PROBLEM » Please retype every entry as written, and keep the pictures out.

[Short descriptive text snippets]
+++++

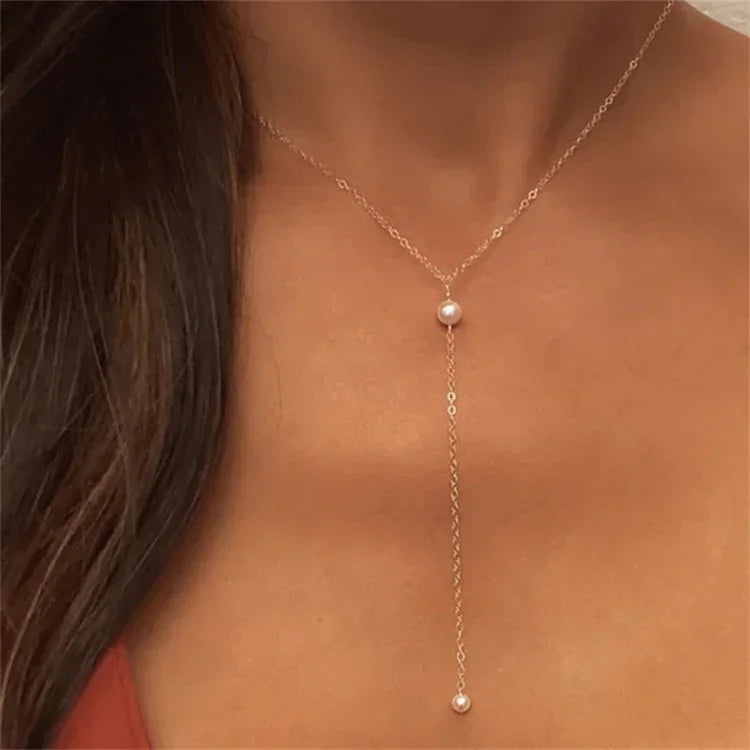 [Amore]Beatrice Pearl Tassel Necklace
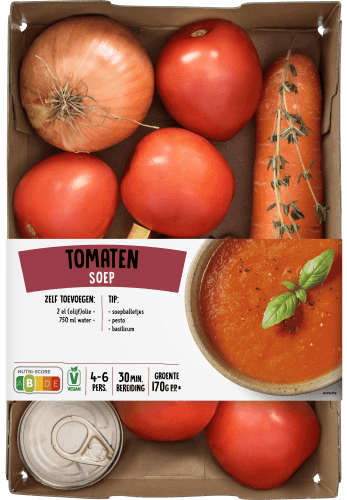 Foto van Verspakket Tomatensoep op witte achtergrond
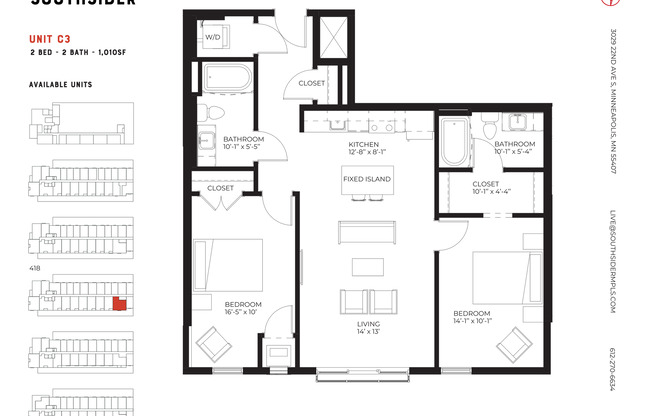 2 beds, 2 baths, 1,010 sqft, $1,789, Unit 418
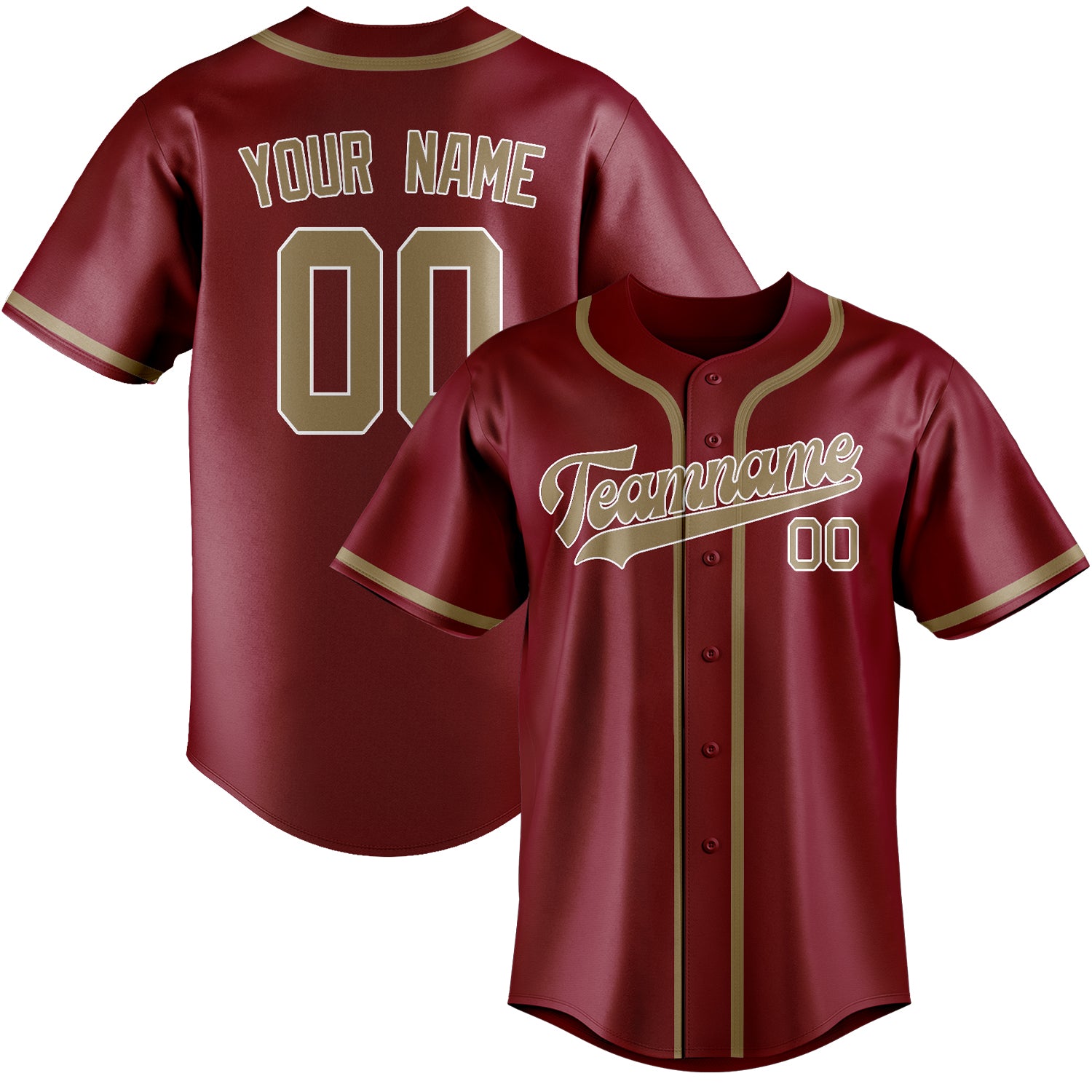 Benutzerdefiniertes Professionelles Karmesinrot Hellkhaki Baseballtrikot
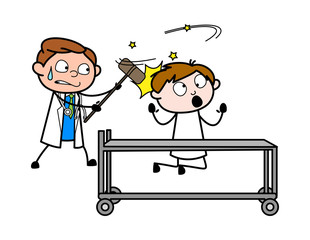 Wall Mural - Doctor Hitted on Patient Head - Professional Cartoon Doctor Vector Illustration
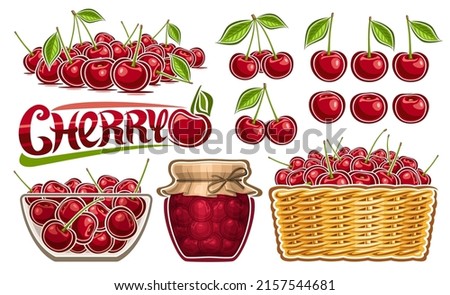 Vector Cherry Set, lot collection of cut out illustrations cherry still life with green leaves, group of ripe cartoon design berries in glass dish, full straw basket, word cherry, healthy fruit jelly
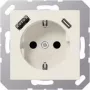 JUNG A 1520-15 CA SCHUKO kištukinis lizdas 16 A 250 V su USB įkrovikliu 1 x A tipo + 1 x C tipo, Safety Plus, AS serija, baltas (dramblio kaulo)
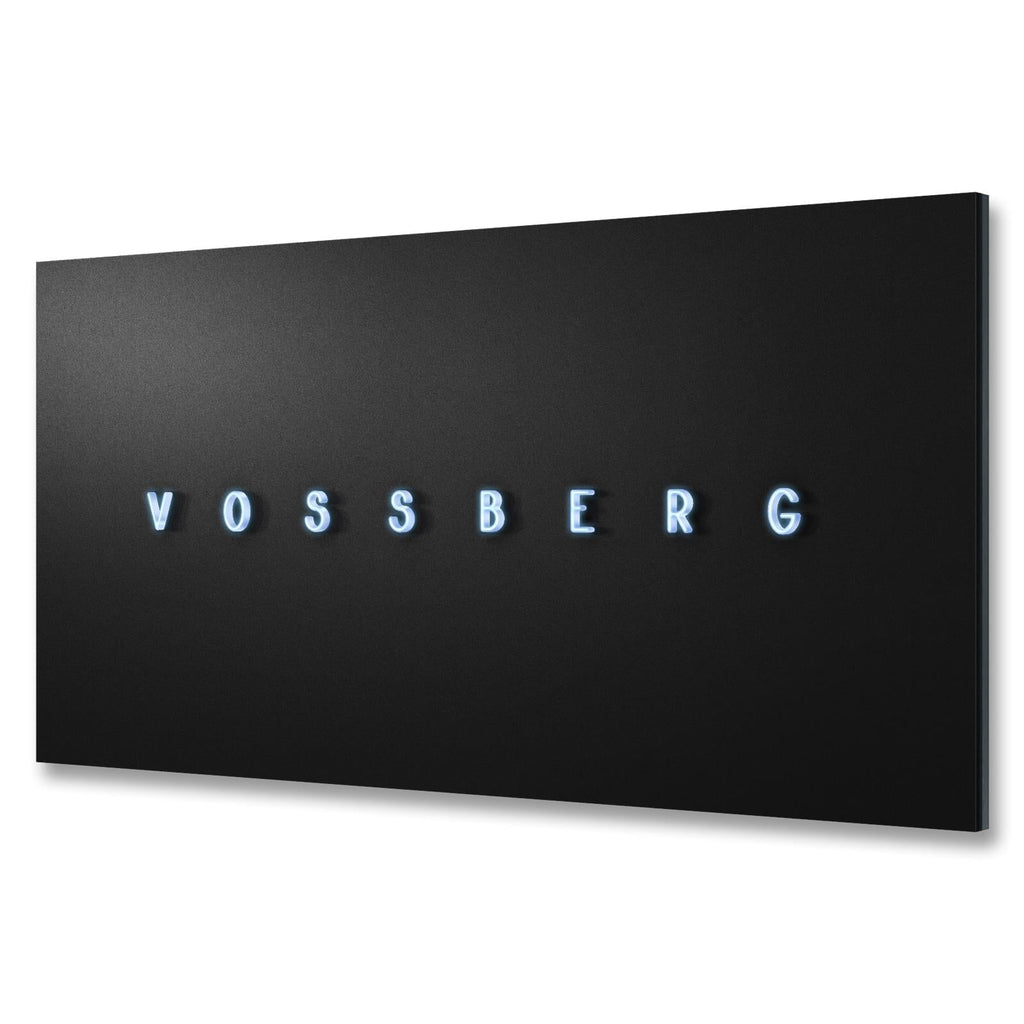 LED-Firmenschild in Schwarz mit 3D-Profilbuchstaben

+++++

SOLUTION BELOW »
 [Amore]Beatrice Pearl Tassel Necklace
 Foto van Verspakket Tomatensoep op witte achtergrond
 2 beds, 2 baths, 1,010 sqft, $1,789, Unit 418
 Benutzerdefiniertes Professionelles Karmesinrot Hellkhaki Baseballtrikot
 Wall Mural - Doctor Hitted on Patient Head - Professional Cartoon Doctor Vector Illustration
 Vector Cherry Set, lot collection of cut out illustrations cherry still life with green leaves, group of ripe cartoon design berries in glass dish, full straw basket, word cherry, healthy fruit jelly
 JUNG A 1520-15 CA SCHUKO kištukinis lizdas 16 A 250 V su USB įkrovikliu 1 x A tipo + 1 x C tipo, Safety Plus, AS serija, baltas (dramblio kaulo)
 LED-Firmenschild in Schwarz mit 3D-Profilbuchstaben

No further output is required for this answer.